Let $X_1, \ldots, X_N \in \mathbb{R}^p$ and $Y_1, \ldots, Y_N \in \mathbb{R}$. Define $$ X=\left[\begin{array}{c} X_1^{\top} \\ \vdots \\ X_N^{\top} \end{array}\right] \in \mathbb{R}^{N \times p}, \quad Y=\left[\begin{array}{c} Y_1 \\ \vdots \\ Y_N \end{array}\right] \in \mathbb{R}^N $$
Let $$ \ell_i(\theta)=\frac{1}{2}\left(X_i^{\top} \theta-Y_i\right)^2 \quad \text { for } i=1, \ldots, N, \quad \mathcal{L}(\theta)=\frac{1}{2}\|X \theta-Y\|^2 . $$
Show (a) $\nabla_\theta \ell_i(\theta)=\left(X_i^{\top} \theta-Y_i\right) X_i$ and (b) $\nabla_\theta \mathcal{L}(\theta)=X^{\top}(X \theta-Y)$.

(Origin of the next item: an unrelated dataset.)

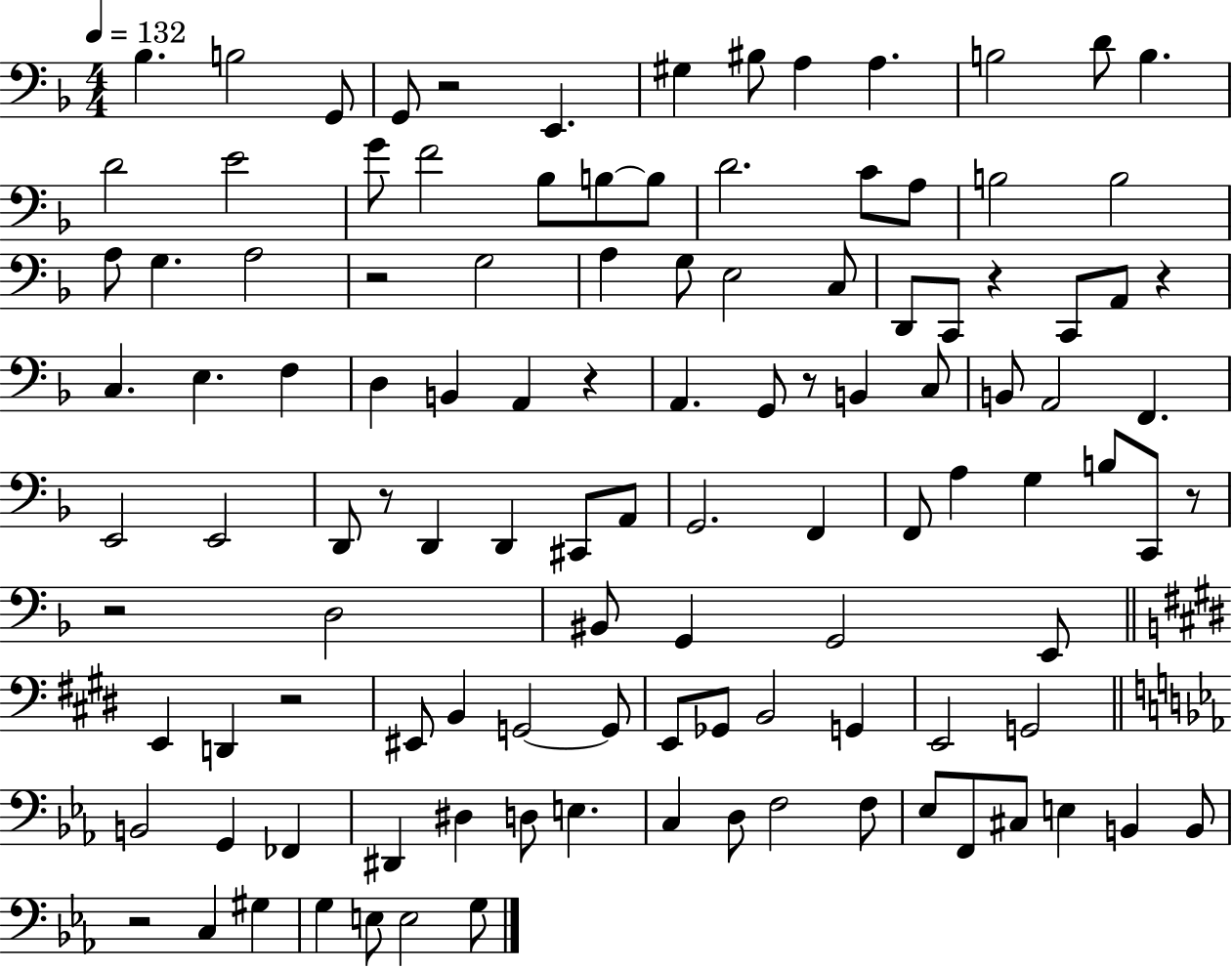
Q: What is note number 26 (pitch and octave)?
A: G3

Hint. For part (a), start by computing $\frac{\partial}{\partial \theta_j} \ell_i(\theta)$. For part (b), use the fact that $$ M v=\sum_{i=1}^N M_{:, i} v_i \in \mathbb{R}^p $$ for any $M \in \mathbb{R}^{p \times N}, v \in \mathbb{R}^N$, where $M_{:, i}$ is the $i$ th column of $M$ for $i=1, \ldots, N$.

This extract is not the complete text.